As mentioned above, we see a steady rise of MySQL 5.1-based CiviCRM installs, and I think the majority of shared hosting vendors will catch up over time. (Also, it’s not like CiviCRM 3.x will *require* this privilege; if we can’t use triggers, the undelete/logging will be simply turned off.)
If every logged object has a start_date, wouldn't that enable you to find the state of a contact at a particular point in time by:
(a) determining if the object's start_date is before relevant point in time - if yes, the current values are the right ones for that point in time; and
(b) if no, looking through the log table for that object where the start_date is before the relevant point in time and the log_date is after - that record will have the right values for that point in time.
There’s no need for a separate start_date (and I can’t envision how you’d implement it, given that (a) you don’t want to refer to the log table’s contents in the trigger and (b) the start of the log table can be truncated at will to save space); all this can be done based solely on the log_date and the log_action column. What I meant is that it’s not *trivial* to fetch cross-table dependencies, because for every joined table you need to analyse both log_time and log_action. Still, this is preferable to storing ‘validity window’ start+end dates for rows in the main database.

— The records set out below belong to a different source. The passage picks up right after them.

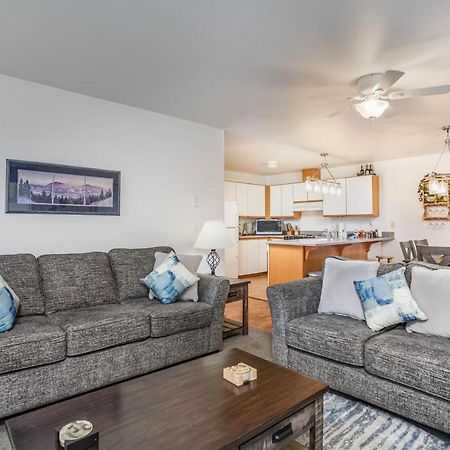 Walk To Downtown * 6 Guests * Pets * A/C! * No Stairs! Διαμέρισμα Leavenworth Εξωτερικό φωτογραφία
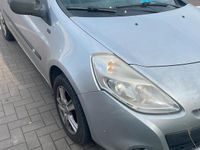 Gebraucht Renault Clio III 75 PS (55 kW) 2012 Grau Kleinwagen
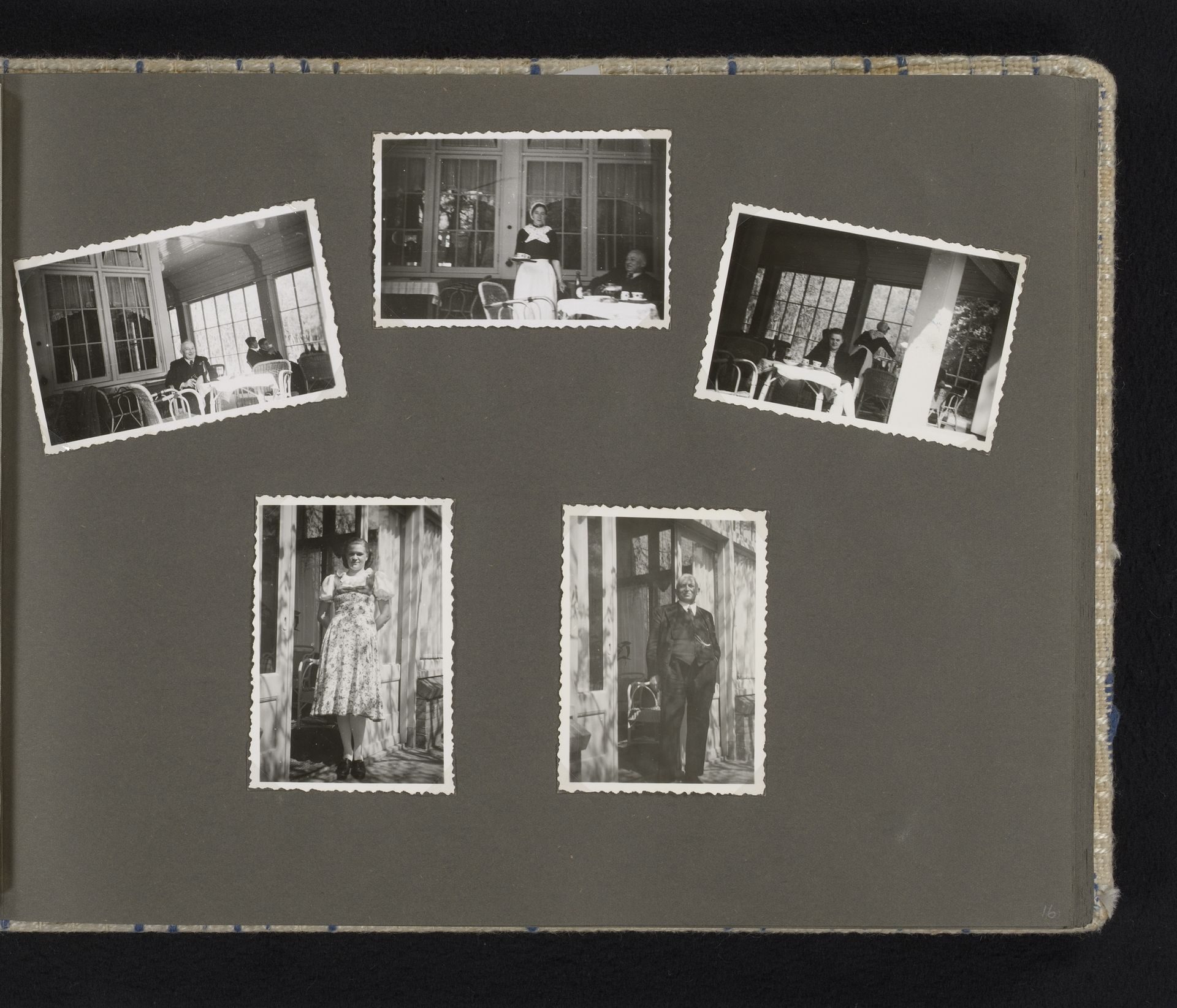 Terras en familie by Anonymous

I support option (a) for the undelete flag, with one modification that will be a step towards full logging support without adding hurdles getting the basics in to 3.2
Proposal:
Instead of having an is_deleted column, use an integer column called "setID". SetID stores the following values:
- If record is added, setID defaults to 0
- if a record is updated, create a copy first and assign setID to the primary key of original record. Then update the original row
- If record is deleted assign setID = -1
example (omitting the modifiedBy/timestamp columns for clarity)
id, name, setID
1 David -1
2 dave 1
3 david 1
4 David 1
This indicates that a record was edited 4 times. First time it was added the name was "dave", then changed to "david", then to "David", then deleted.
As with the is_deleted flag, returning the HEAD version is simple: WHERE setID=0. If the record is deleted it will not show up.

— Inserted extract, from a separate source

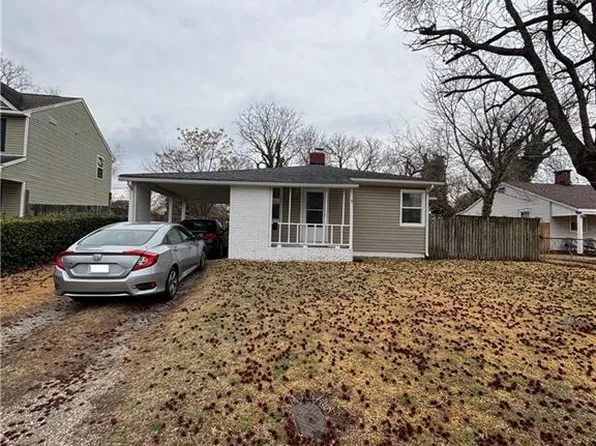 8215 Mercer Dr, Norfolk, VA 23505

If we require to undelete, simply look for setID=-1 and set it back to 0.
Notes:
- a little counterintuitive is that the HEAD row has an id that is always less than all of it's revisions. But that's not too hard to get used to, especially since this only concerns logging.
- this scheme assumes that all objects requiring logging have integer primary keys. If not, a CHAR key could be used. VARCHAR is no good for performance reasons.

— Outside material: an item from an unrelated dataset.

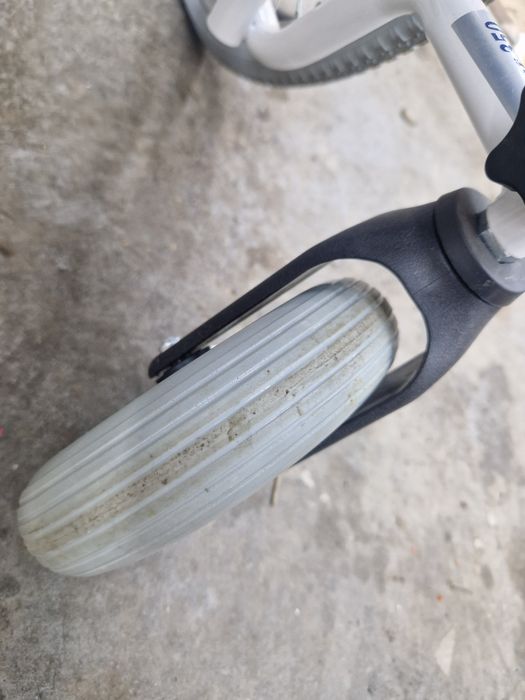 Продам коляску для инвалидов-пенсионеров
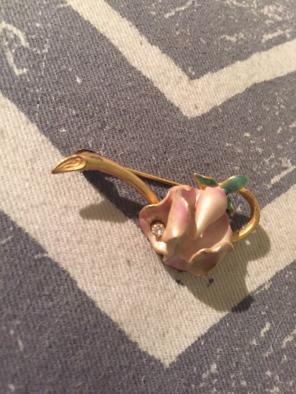 Joan Rivers Rose Flower Brooch Victorian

- Timestamp has to have higher resolution (per millisecond or better) or we'll get in to trouble running scripts that may update the same records at the same time. In mysql long is the only option.
If time is of the essence for 3.2, we don't need to concern ourselves with storing the log row. What we do accomplish is having the right column type, and introducing the idea of a HEAD revision in all of our views/queries and the scheme will be ready for logging.
A further enhancement is to add a second column - "revision" - which is akin to revisions in SVN but requires more application logic - i.e. if I go through and tag several contacts and do a bulk update, they will all get their setIDs updated, and will also get a common revision number. This allows rollback - that's a much bigger project for the application layer.
Regarding multiple tables:
- I lean towards not creating separate log tables - harder to maintain changes, more tables to manage, harder to build queries that span both HEAD and log data.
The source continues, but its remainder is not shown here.